Un snapshot peut se recharger à chaud dans le moniteur par l’instruction loadvm, et à froid en lançant à nouveau, plus tard, le programme qemu-system-x86_64 avec l’argument -loadvm snap1.

Mais ne nous attardons pas sur ce point qui n’est pas au centre de notre préoccupation ici.

3.2 Extinction

Une VM peut s’éteindre de quatre façons différentes :

1. de l’intérieur :

vm-user@vmdebian $ sudo shutdown -P now

2. par simulation de l’appui sur le bouton Power de l’appareil virtuel, en tapant dans le moniteur :

(qemu) system_powerdown

ce qui laisse le système guest prendre en charge, le cas échéant, l’action à effectuer (boîte de logout, etc.).

3. ou encore, en fermant la fenêtre QEMU à la souris, ce qui a pour effet de tirer la prise électrique…

4. … également équivalent à faire un [Ctrl]+[C] sur le processus qemu-system-x86_64.

Mais pour l’heure, laissons notre machine allumée.

3.3 Interruption

Après avoir pris un instantané (voir 3.1), bien souvent on souhaitera interrompre la machine, sans l’éteindre.
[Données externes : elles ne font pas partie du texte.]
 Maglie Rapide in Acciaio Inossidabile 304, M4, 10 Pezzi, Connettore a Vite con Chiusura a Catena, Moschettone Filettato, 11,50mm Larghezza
Ce serait l’équivalent de la mise en hibernation sur certains systèmes.

Pour cela, dans le Monitor, on tape :

(qemu) q

(ou encore le mot quit en entier).

Conséquence : fermeture du hublot, fin du processus qemu-system-x86_64. Notons que c’est également équivalent aux façons 2 et 3 du paragraphe 3.2 précédent.

On relancera typiquement la machine avec l’option -loadvm <snapshotTag>, pour qu’elle reprenne exactement là où elle en était (RAM et disque) au moment du savevm.

3.4 Port forwarding

Supposons que nous ayons besoin de permettre les connexions SSH depuis l’extérieur vers cette machine virtuelle, via un port de l’hôte, par exemple 10022.

Avec les paramètres précédemment utilisés sur la ligne de commandes invoquée en 2.2, cela ne suffit pas. Deux méthodes s’offrent à nous : soit stopper (ou hiberner) la machine pour relancer la commande avec plus d’arguments ; soit utiliser le Monitor à chaud.

Pour la relance, il faudrait compléter la ligne de commandes avec ceci :

  -device e1000,netdev=net0 \
  -netdev user,id=net0,hostfwd=tcp::10022-:22

Les explications détaillées pour les options de réseau sont dans le manuel [4]. Il s’agit simplement ici de préciser la règle hostfwd pour la redirection (voir encadré), or nous sommes obligés de l’incorporer dans la déclaration explicite d’une carte réseau. À part cette règle hostfwd, les valeurs précisées ici sont celles qui sont prises par défaut si les options -device et -netdev sont omises.

La règle Forward

La syntaxe de la règle hostfwd est la suivante :

[tcp|udp]:[hostaddr]:hostport-[guestaddr]:guestport

On peut omettre l’adresse locale de l’hôte et l’adresse virtuelle du guest, ce qui donne, pour rediriger le TCP depuis le port 10022 de l’hôte vers le port 22 de la VM :

tcp::10022-:22

Sur la ligne de commandes, plusieurs règles hostfwd peuvent être listées, en les séparant par des virgules.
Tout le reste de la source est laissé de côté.